JEUNES AGRICULTEURS ET NOUVEAUX AGRICULTEURS

Conséquence des niveaux d’endettement plus élevés et d’importants changements démographiques, le nombre de fermes décroît tandis que l’âge moyen des agriculteurs canadiens se situe maintenant à plus de 55 ans. Pour être viable et durable, le secteur agricole a besoin de jeunes agriculteurs et ne peut se permettre de défavoriser les nouveaux venus.

Certains avantages fiscaux sont offerts aux nouveaux agriculteurs, mais un des principaux obstacles à la transmission de fermes familiales demeure la définition du mot « famille » dans la Loi de l’impôt sur le revenu. En facilitant la transmission des fermes à la génération suivante (comme aux neveux, nièces, cousins, cousines), on contribuerait à l’arrivée d’un plus grand nombre de nouveaux agriculteurs dans l’industrie.

Recommandation

Qu’Agriculture et Agroalimentaire Canada, de concert avec Finances Canada, révise la définition du terme « famille » à l’égard de la transmission des fermes d’une génération à l’autre pour élargir le sens de ce terme et, ainsi, faciliter l’entrée de nouveaux et de jeunes agriculteurs dans l’industrie.

GESTION DES RISQUES DE L’ENTREPRISE

Il faut améliorer les programmes de gestion des risques de l’entreprise, car la gestion des risques est essentielle dans un secteur où les risques sont immenses et imprévisibles, et où ils peuvent à eux seuls mettre en péril la viabilité d’une ferme. Les témoins ont affirmé qu’il faudrait non seulement renouveler les programmes de gestion des risques, mais également assurer la fiabilité de leur prestation par Cultivons l’avenir 2. Le rapport du Comité ne comporte toutefois aucune recommandation sur la nécessité de conserver les programmes de gestion des risques viables et efficaces. Avant la dissolution de la 40e législature, le Comité avait présenté la recommandation suivante, que nous soumettons de nouveau.

Recommandation

Comme Agri-stabilité est le principal programme de soutien financier au Canada, nous recommandons qu’Agriculture et Agroalimentaire Canada effectue une analyse comparative de l’application des méthodes de calcul suivantes : calcul des marges de référence sur dix ans, au lieu de cinq ans; calcul des marges de référence à l’aide du montant le plus élevé entre la moyenne olympique ou la moyenne des trois dernières années; utilisation de la moyenne des cinq et sept dernières années pour déterminer la marge de référence; calcul du soutien selon les coûts de production moyens.

CONCLUSION

Bien que le Parti libéral appuie un grand nombre de recommandations et de conclusions du rapport du Comité, il se doit d’aborder certaines questions que les témoins ont soulevées mais qui n’ont pas été incluses dans le rapport afin que le gouvernement en prenne connaissance et y donne suite. Parmi ces questions, mentionnons les suivantes : la nécessité d’une politique alimentaire nationale; l’appui aux sciences, à la recherche et au développement, à l’innovation et à la commercialisation dans un environnement non centralisé et non politique; la gestion efficace du risque des agriculteurs canadiens au moyen de programmes de gestion des risques d’entreprise stables et bien financés.  
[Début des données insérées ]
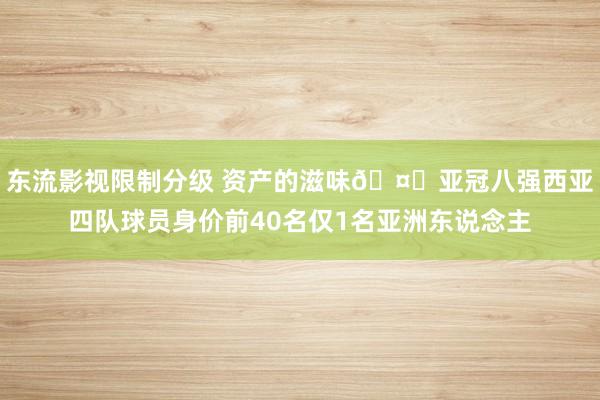 东流影视限制分级 资产的滋味🤑亚冠八强西亚四队球员身价前40名仅1名亚洲东说念主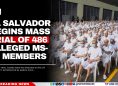 El Salvador Begins Mass Trial of 486 Alleged MS-13 Members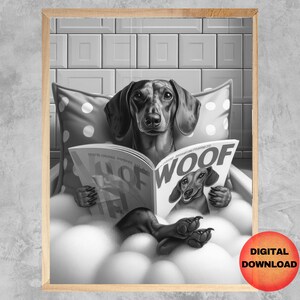 DACHSHUND Funny Bathroom Wall Art, Black and White Doxie Bathtub Printable, Whimsical Weiner Dog Lover, Dog Mom or Dad Gift, DOWNLOADABLE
[1] M. K. Peter Pauls, président, Département de l’agriculture végétale, University de Guelph, le Comité, Témoignages, réunion no 7, 1ére session, 41e législature, Ottawa, 25 octobre 2011, 1605.
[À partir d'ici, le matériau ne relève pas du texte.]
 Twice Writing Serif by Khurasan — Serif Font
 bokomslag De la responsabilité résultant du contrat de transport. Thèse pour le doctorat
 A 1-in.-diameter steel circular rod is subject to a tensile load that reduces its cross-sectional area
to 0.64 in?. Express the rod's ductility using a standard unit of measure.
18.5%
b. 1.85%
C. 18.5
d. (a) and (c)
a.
[2] M. Jim Brandle, président – directeur général, Vineland Research and Innovation Centre, le Comité, Témoignages, réunion no 4, 1ère session, 41e législature, Ottawa, 6 octobre 2011, 1550.
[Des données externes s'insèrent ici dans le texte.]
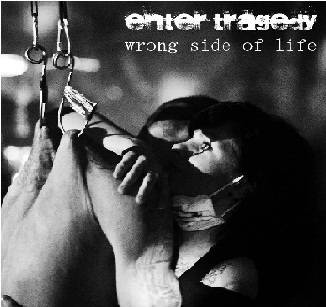 Enter Tragedy : Wrong Side of Life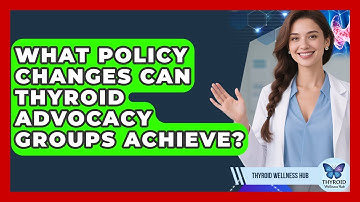 What Policy Changes Can Thyroid Advocacy Groups Achieve? - Thyroid Wellness Hub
[3] Dr Peter W.B. Phillips, Professor, Johnson-Shoyama Graduate School of Public Policy, University of Saskatchewan, Committee, Evidence, Meeting No. 8, 1st Session,  41st Parliament, Ottawa, 27 October 2011, 1535.

[4] M. Gordon Bacon, premier dirigeant, Pulse Canada, la Comité, Témoignage, réunion no 5, 1e session, 41e législature, Ottawa, 18 octobre 2011, 1605.